ジャーニーを動かすマーケターの育成方法とは?スキルマップで個々の特性を見極める【古庄拓氏×黒澤友貴氏 対談後編】

ジャーニーを動かすマーケターの育成方法とは?スキルマップで個々の特性を見極める【古庄拓氏×黒澤友貴氏 対談後編】

【株式会社ジェイック 取締役 マーケティング開発本部長 古庄 拓氏】と【ブランディングテクノロジー株式会社 執行役員 CMO 黒澤 友貴氏】が、事業者とベンダーそれぞれの目線で対談する今回の企画。マーケティング組織の立ち上げ期における課題やポイントについて興味深い話が伺えた前編に続き、後編ではマーケターの育成についてお話しいただきます。

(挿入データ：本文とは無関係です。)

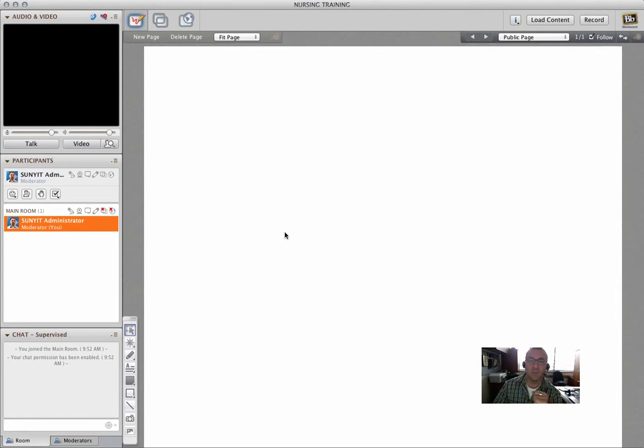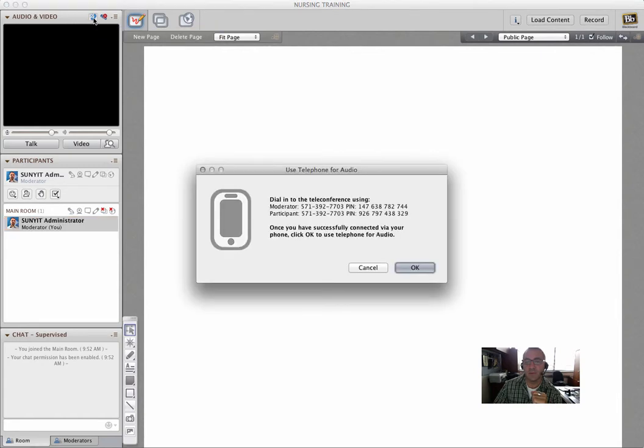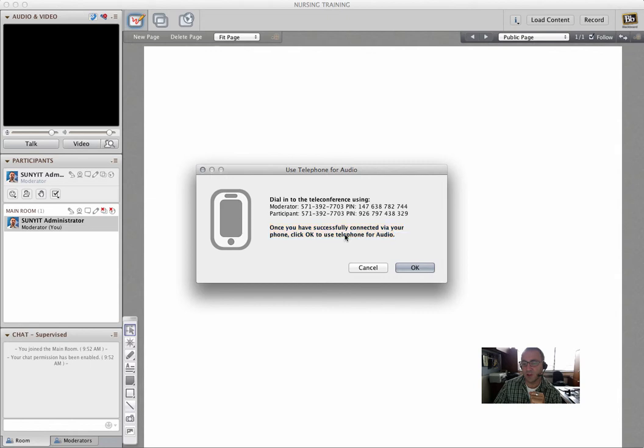This is how you do it. You go up into the audio video tab, and the little telephone, you click on it, and it pops up this telephony information. It gives you the instructions: Once you have successfully connected via your phone, click OK to use a telephone for audio.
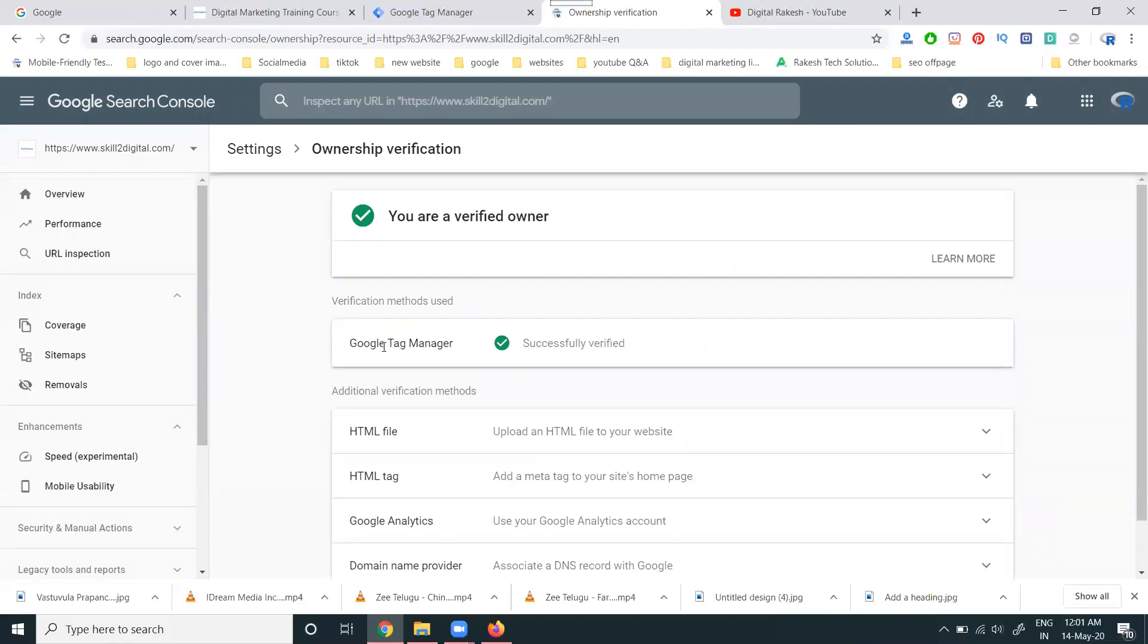How can we activate Google Tag Manager? We can follow the videos to activate it for your particular website on the Google Search Console.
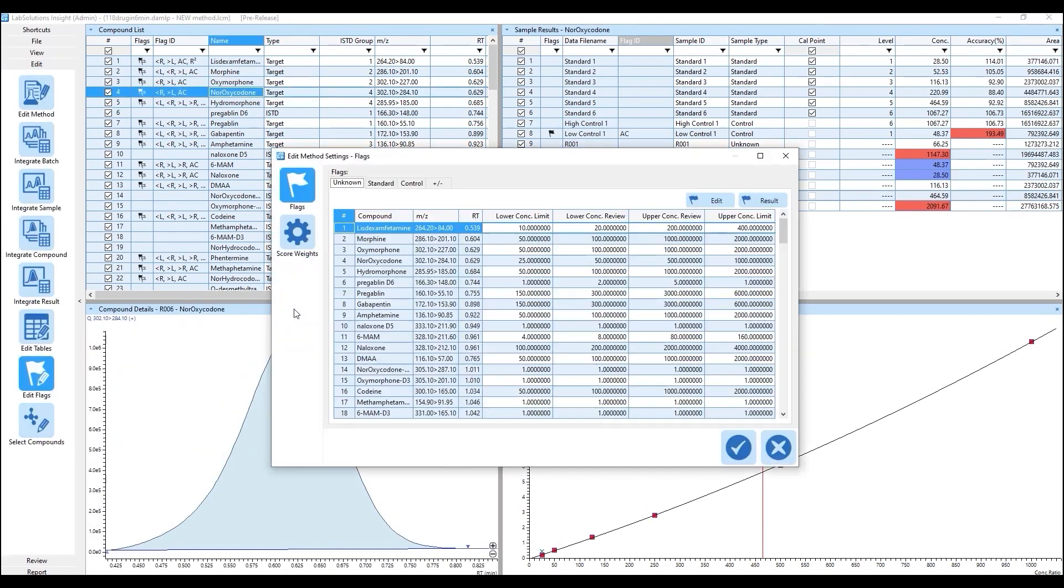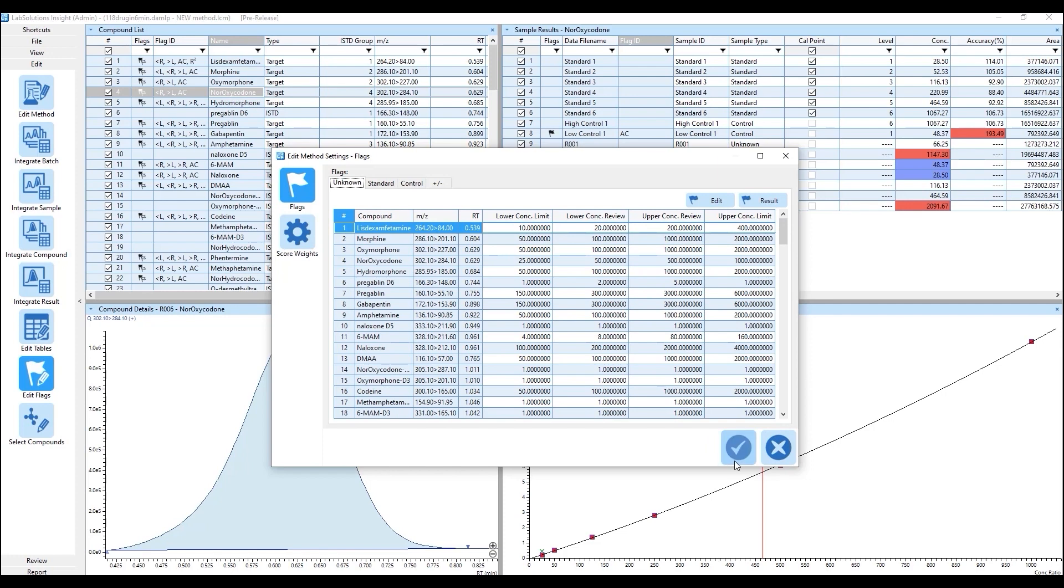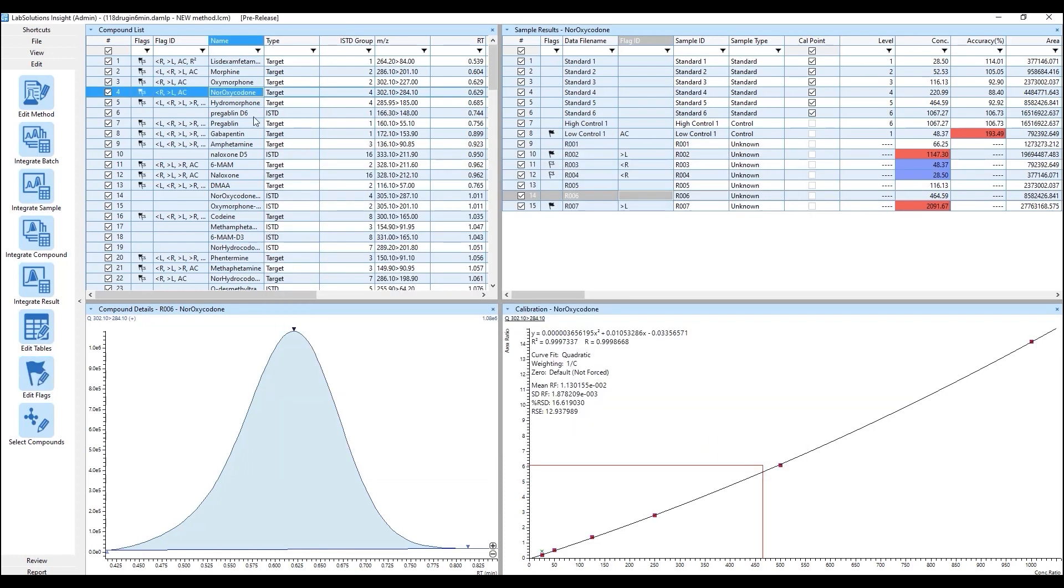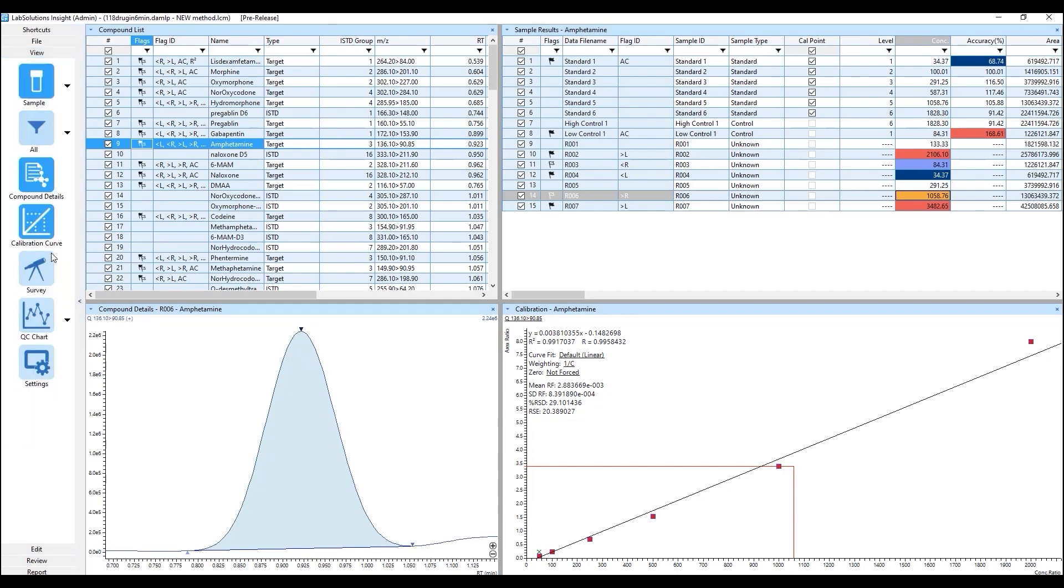The unknown sample type has a lower and upper concentration limit and review flag parameters. Unknown samples with concentrations outside the set values will have different colors.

ベンダーと事業者が経験から考える、マーケター育成のポイントとは?

司会:
前編では古庄さんに、ご自身のマーケティング組織の立ち上げ期に関する体験をお話しいただきました。後編ではマーケターを育成する際のポイントや手法についてお聞かせいただければと思います。

古庄:
そうですね、2つの育成ポイントがあります。当たり前すぎる話ですが、1つ目は実際に経験することです。やっぱり知識だけをインプットしてもダメで、”打席”に立って成功や失敗を経験していかないとマーケターは成長しないと考えています。社内では「プロモーション費用には、施策の実行費用以外にマーケターの教育費も含まれている。どれだけ打席に立って、“失敗経験”を積んだかが成長につながる」とメンバーに言っています。

黒澤:
素晴らしい言葉ですね!

古庄:
2つ目は、マーケティングの原理原則的な考え方や共通言語の構築ですね。それぞれのプロモーション手法毎のノウハウや方法論は1〜2年でどんどん新しいものが出てきます。ここは、ある程度各チームでの取り組みや個人での学びに依存する部分が出てきます。一方で、組織として、自社におけるマーケターの考え方とか原理原則といった部分の共通言語を構築して浸透させることが重要だと考えています。

黒澤:
共通言語を構築していく育成プログラムが自社にあるのですか?

古庄:
ここは現在進行形で構築中です。ただ、ジェイックでは、経営もマーケティングもドラッカーをベースにしているので、ここがある程度共通言語になっていますね。

黒澤:
素晴らしいですね。根底となるものがあると、意思決定を取りやすいし、物事を検討する際にそこに立ち戻ることもできますね。

古庄:
黒澤さんが考えるマーケター育成方法についても伺いたいです。

黒澤:
古庄さんがおっしゃった、数をやって成功失敗を経験することに加え、顧客を動かした成功体験をするのが重要だと考えています。

BtoBマーケティングだと、マーケターが自分でホワイトペーパーやウェビナー企画などのコンテンツを作って顧客を動かしますよね。その一連のプロセスを経験して「マーケティングとは、ニーズがまだ顕在化していない顧客に価値を伝えて動かすってことなんだ」と体験として理解することが重要です。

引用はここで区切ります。